Search the listing below for the word "Altima" and return each line that contains it.

★ ★ ★ ★

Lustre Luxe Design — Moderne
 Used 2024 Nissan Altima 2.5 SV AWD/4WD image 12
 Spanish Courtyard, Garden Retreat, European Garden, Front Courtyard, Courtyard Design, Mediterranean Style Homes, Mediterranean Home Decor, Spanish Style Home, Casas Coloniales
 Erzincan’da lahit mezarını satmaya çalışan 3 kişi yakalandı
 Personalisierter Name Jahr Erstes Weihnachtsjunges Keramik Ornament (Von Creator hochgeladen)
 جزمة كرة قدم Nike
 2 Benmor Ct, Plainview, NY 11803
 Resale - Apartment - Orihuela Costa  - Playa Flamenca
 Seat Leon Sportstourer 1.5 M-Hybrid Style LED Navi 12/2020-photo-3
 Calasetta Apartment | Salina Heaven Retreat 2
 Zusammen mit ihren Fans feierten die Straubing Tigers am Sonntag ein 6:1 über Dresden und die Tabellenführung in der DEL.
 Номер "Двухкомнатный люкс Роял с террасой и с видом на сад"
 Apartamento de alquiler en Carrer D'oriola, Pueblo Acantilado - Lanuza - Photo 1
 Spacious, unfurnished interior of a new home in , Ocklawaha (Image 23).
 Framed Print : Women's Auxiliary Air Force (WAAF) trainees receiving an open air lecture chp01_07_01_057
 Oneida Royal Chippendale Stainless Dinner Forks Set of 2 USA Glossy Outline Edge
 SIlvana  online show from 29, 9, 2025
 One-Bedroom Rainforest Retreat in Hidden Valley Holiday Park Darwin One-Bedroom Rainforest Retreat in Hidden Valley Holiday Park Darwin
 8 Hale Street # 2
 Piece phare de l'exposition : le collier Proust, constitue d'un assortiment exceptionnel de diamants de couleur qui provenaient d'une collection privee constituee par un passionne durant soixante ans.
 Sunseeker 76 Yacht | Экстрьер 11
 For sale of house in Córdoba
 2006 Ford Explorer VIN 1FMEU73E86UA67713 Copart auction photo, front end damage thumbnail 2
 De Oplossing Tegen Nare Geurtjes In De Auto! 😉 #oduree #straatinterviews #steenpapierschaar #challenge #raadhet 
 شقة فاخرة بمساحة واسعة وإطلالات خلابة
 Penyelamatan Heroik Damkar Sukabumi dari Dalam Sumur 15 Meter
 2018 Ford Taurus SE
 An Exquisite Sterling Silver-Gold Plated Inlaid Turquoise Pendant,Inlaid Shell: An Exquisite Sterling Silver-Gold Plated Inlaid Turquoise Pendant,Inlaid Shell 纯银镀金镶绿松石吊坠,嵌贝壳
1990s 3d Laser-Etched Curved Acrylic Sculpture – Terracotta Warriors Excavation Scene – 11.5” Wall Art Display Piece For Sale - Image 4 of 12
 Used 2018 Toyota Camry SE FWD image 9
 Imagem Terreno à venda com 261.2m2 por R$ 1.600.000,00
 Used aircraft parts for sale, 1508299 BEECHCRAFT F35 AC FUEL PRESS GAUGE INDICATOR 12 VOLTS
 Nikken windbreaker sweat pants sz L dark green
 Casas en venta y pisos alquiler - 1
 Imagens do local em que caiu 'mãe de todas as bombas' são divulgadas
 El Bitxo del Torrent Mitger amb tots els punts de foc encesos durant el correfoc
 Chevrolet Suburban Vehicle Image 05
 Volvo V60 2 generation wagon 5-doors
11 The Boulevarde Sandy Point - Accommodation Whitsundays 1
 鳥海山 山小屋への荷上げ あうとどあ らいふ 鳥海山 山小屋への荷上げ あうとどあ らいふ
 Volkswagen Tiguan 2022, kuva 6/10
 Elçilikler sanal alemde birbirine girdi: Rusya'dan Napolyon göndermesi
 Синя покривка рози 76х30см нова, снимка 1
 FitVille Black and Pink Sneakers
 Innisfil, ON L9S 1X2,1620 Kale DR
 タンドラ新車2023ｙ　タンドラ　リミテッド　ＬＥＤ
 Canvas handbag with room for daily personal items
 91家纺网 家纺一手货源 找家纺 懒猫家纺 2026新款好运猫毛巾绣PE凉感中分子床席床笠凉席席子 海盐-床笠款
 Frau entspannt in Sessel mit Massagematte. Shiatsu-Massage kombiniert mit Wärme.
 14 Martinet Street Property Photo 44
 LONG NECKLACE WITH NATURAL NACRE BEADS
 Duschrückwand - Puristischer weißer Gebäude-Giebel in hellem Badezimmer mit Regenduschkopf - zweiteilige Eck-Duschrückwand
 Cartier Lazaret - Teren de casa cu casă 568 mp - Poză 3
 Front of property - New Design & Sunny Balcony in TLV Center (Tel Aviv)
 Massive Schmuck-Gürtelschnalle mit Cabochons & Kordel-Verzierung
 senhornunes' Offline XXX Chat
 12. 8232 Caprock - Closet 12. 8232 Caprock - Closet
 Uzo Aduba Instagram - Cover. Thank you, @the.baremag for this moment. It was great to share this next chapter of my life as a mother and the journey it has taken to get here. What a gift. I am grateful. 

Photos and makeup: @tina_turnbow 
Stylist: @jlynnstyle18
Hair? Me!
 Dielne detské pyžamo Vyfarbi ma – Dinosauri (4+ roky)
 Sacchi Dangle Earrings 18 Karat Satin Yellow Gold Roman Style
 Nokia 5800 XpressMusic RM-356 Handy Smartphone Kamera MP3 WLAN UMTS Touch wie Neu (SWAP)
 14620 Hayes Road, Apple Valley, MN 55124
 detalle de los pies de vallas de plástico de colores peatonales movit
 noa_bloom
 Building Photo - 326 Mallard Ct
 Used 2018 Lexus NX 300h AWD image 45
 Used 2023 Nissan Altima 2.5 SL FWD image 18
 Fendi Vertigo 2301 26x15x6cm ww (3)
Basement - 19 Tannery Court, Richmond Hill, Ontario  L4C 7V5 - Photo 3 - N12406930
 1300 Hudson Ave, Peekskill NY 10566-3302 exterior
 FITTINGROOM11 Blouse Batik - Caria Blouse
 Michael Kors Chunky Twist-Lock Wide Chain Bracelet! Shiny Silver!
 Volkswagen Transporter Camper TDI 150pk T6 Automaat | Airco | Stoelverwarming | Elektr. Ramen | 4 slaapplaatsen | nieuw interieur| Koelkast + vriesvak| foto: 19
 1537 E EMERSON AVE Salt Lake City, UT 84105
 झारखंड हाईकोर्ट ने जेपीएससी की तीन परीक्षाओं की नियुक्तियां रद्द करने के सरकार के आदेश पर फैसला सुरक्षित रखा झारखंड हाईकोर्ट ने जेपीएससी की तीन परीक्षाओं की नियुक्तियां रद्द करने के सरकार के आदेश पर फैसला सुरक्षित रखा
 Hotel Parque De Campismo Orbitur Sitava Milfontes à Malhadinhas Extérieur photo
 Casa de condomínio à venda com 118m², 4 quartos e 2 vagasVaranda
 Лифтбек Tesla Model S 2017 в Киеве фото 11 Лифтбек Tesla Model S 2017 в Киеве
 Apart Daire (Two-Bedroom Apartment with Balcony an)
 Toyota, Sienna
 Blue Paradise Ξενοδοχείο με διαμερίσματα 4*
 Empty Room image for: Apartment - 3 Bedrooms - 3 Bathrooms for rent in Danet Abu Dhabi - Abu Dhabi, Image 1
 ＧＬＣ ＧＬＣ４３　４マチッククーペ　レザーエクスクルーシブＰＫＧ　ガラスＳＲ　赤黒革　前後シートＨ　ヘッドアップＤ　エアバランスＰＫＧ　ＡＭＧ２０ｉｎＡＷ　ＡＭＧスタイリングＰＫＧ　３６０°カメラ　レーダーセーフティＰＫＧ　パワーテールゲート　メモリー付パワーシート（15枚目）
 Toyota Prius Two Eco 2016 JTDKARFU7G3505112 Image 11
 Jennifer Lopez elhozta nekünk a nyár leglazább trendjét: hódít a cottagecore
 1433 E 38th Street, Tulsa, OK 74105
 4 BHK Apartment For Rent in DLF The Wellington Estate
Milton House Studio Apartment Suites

★ ★ ★ ★

## Result below
 Used 2024 Nissan Altima 2.5 SV AWD/4WD image 12
 Used 2023 Nissan Altima 2.5 SL FWD image 18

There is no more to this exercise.